Bref, les chances d’entendre une des pièces de J’connais rien à l’astronomie entre deux ricanements d’humoristes d’émissions du matin sur les ondes d’une radio grand public FM sont plutôt minces... et tant mieux si ça se produit, en fait.

Vous l’aurez compris, ce 12e disque de Placard tient davantage de l’expérience. Pour les fans d’étiquetages, toutefois, notons que les inconditionnels des Hôtesses d’Hilaire, voire de Zappa, vont capoter ben raide. 
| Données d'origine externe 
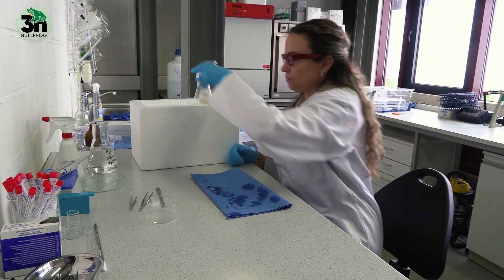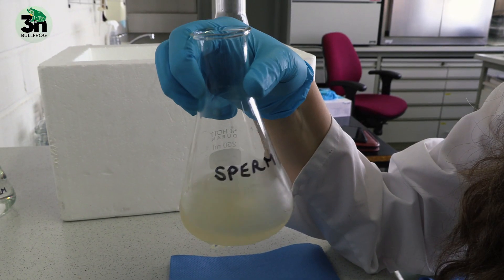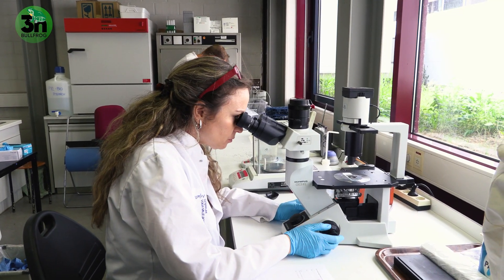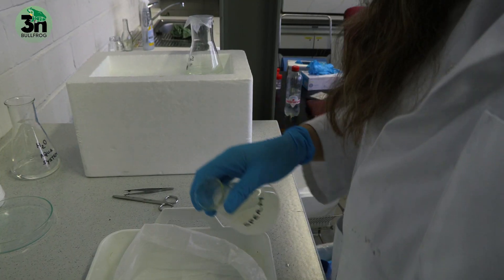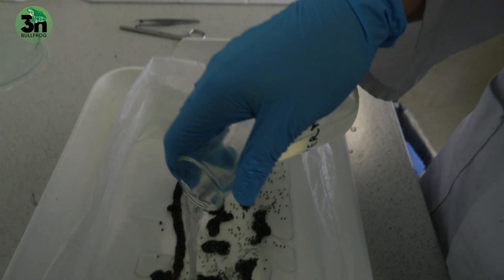Once we retrieved the eggs from the female, we stimulate the solution of spermatozoids that we have with the simplified amphibian ringer solution with some water at a temperature of 22 degrees. That induces the motility of the sperm. Then we put the sperm on the eggs and the fertilization process starts.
C’est très tôt dans l’année, mais j’ai adopté la résolution de prendre plus de risques, alors allons-y : je parie que J’connais rien à l’astronomie se retrouvera sur bon nombre de listes des meilleurs albums de 2020 en décembre. On s’en reparle dans quelques mois, donc. 

Tell Rembobinée

Photo courtoisie

★★★

Miami

Diane Tell se réinvente sur, on l’espère, une série de parutions lancée ici avec Miami, un maxi où l’illustre chanteuse pop offre en pâture la pièce-titre – retrouvée sur son album En flèche (1980) – à des artistes et producteurs québécois. Parmi ceux-ci, notons KNLO et Meryem Saci (qui reprennent ladite toune sagement, mais avec entrain) ainsi que D-Track qui utilise une boucle remixée de la chanson originale pour un rap qui, Miami oblige, mentionne Grand Theft Auto à la volée. Un projet incroyablement niché, mais surtout plaisant.

Mon Doux Saigneur

Photo courtoisie

★★★½

Horizon

Près de trois années après avoir épaté le grand public avec son premier album homonyme, le troubadour rock lo-fi surprend avec Horizon, un second jet plus fourni, plus lumineux, plus « toute », en fait. Si son offrande précédente faisait écho, notamment, au fameux Mellow Gold de Beck, Horizon – pour les fans de références – se rapproche davantage d’Odelay dans son glanage des genres (rock, mais aussi folk et country), voire de Rumours de Fleetwood Mac par son petit côté fleur bleue. À écouter !

Clay and Friends

Photo courtoisie

★★★

Grouillades

À l’image de son titre, ce nouvel EP du collectif rap local rassemble des pièces qui balancent. Faisant suite à La Musica Popular De Verdun paru l’an dernier, Grouillades se veut moins introspectif et planant, donc, mais s’avère également moins imprévisible que les parutions précédentes de Clay and Friends, le projet se cantonnant dans un seul sillon ici. Les prochains projets de la troupe s’annoncent quand même très intéressants. À écouter tout particulièrement : le brûlot OK

Coup de coeur

FUUDGE

Photo courtoisie

★★★★

Fruit-Dieu

Une drôle de dichotomie habite Fruit-Dieu, deuxième offrande à l’autel du rock de ce collectif local. En dépit de la facture stoner rock infiniment sombre, un certain plaisir de transgression émane de l’œuvre et se retrouve, au final, dans nos tympans. Bref, le leader David Bujold et ses collègues s’amusent ferme en misant gros grunge sale (Enterré vivant, par exemple) et psychédélisme doublé de pop beatlesque (comme on peut l’entendre sur la pièce-titre). Fuudge lance ici un album facile d’approche et qui ne décevra pas ses fans d’antan. Un bel exercice de funambulisme musical, donc. À titre de référence : les mélomanes appréciant Galaxie vont adorer itou.